The objections and jealousy of the clergy were overruled by Tsar Alexander III, who worshipped Ivan, and on his death-bed sent for him to receive the blessings and to kiss the hands of the wonder-worker in pious ecstasy.
When, after the Tsar's death, Gulayeva tried to enlarge her business by raising the rank of her client and spread abroad that Ivan was the "Messiah," who for the second time had descended upon the earth, the clergy rose against such blasphemy, and it was only the protection of the Dowager-Empress that saved him from any other punishment than being relegated to Kronstadt, and enjoined to mind the business of the cathedral, not to work miracles, and not to claim kinship with God.

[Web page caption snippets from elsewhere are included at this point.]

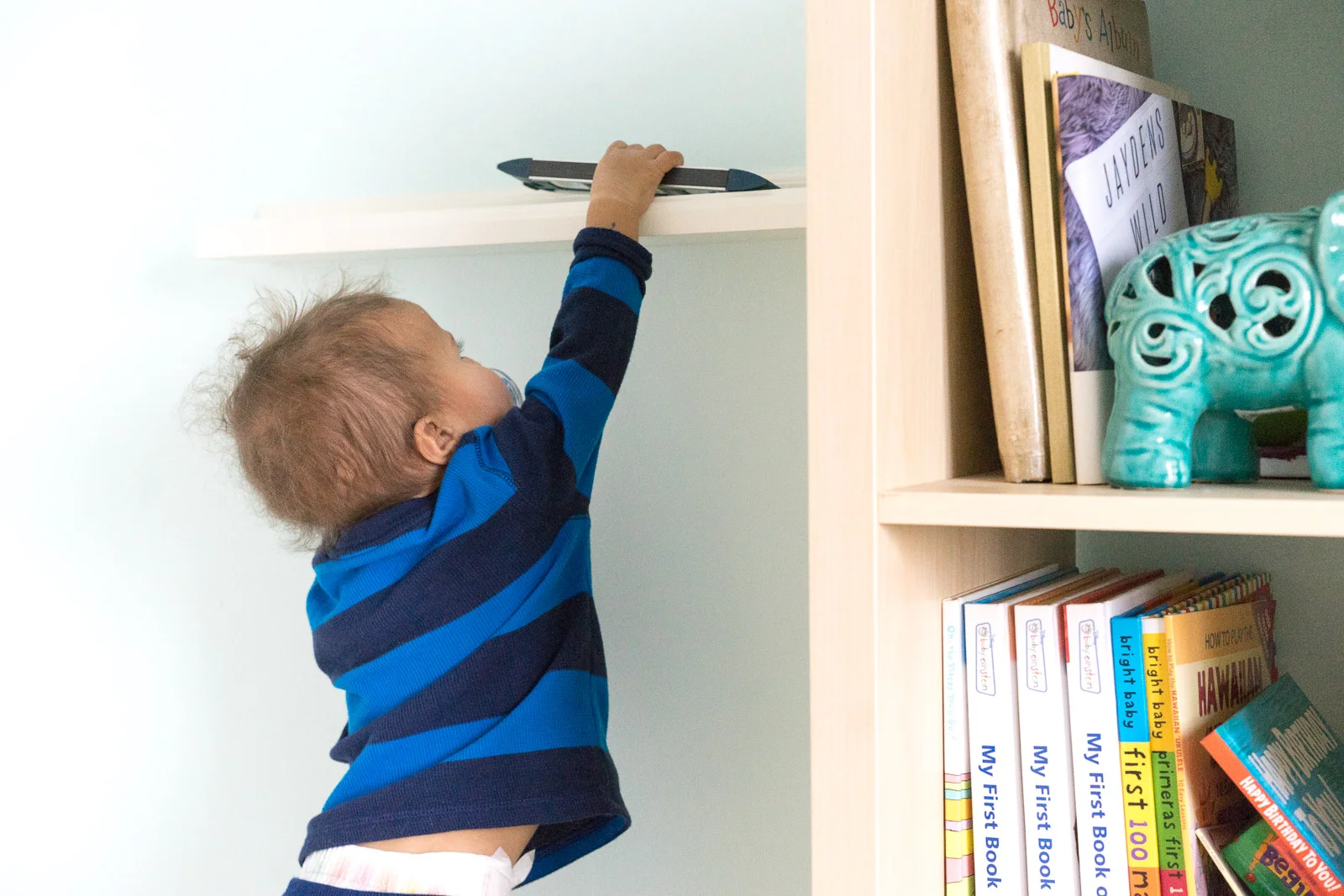 nursery-room_toddler-books_DIY_-book-display-11.jpg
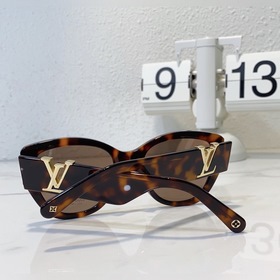 LOUIS VUITTON Модель： Z1738E Размер： 54 x 21 x 145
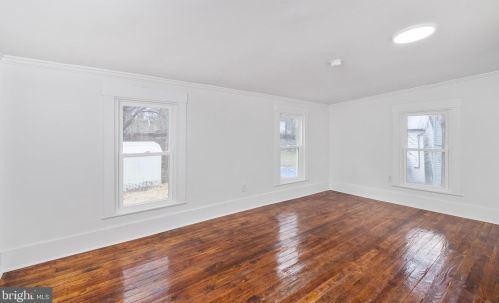 218 Commerce St, Woodstock VA  22664-1228 exterior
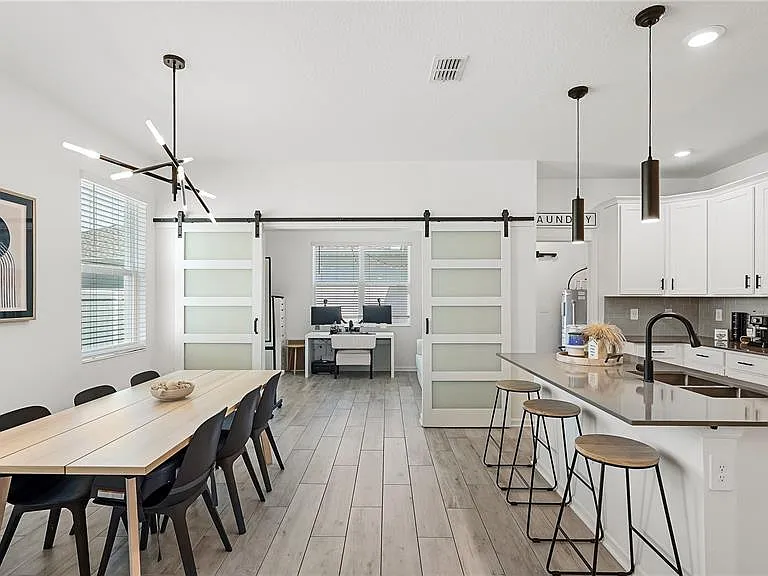 6405 Sprucepine Ln — Photo 9
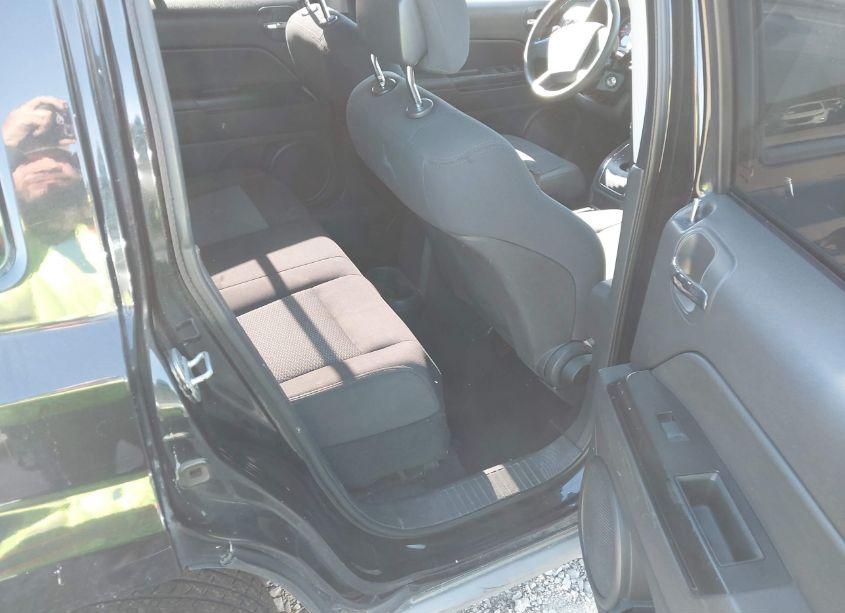 Photo 8 of 2010 Jeep Patriot SPORT (VIN 1J4NT2GB1AD659578)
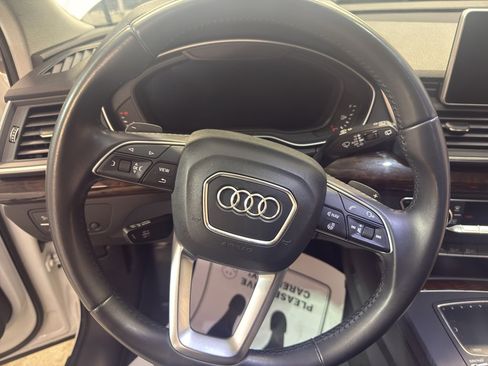 Used 2018 Audi Q5 2.0T Premium Plus w/ Premium Plus Package image 17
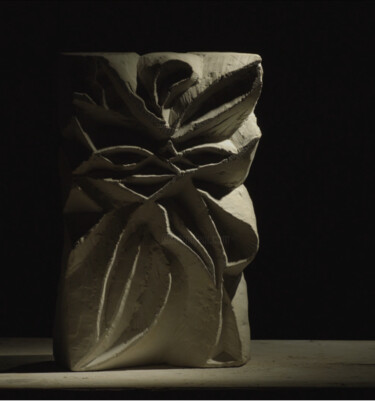 Скульптура под названием "Daimon" - Nicolò Dell'Erba, Подлинное произведение искусства, Камень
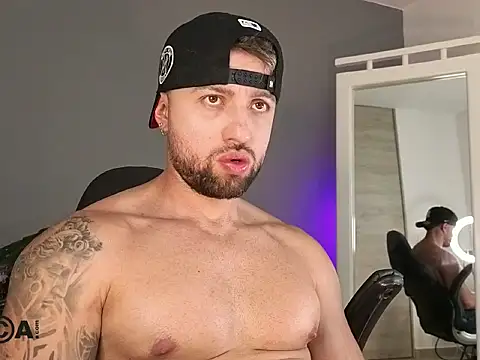 OwenMaximus814 online show from February 2026 08:17:02 PM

Soon afterwards he died, and the untiring Gulayeva began to advertise the miracles wrought upon the grave of the saint. This new enterprise was carried on until October 1917, when the Bolsheviks put an end to her trade by destroying his grave and casting his remains into the sea.
Numbers of the nobility had considered it a great honour to receive the "holy father" in their palaces. For this privilege they paid Gulayeva a fee of five hundred roubles, and waited sometimes months for their turn to enjoy the blessing of his presence.
Such was the Russian fashion of "Christian mysticism," while at the same time close by was celebrated the "feast of the fiends."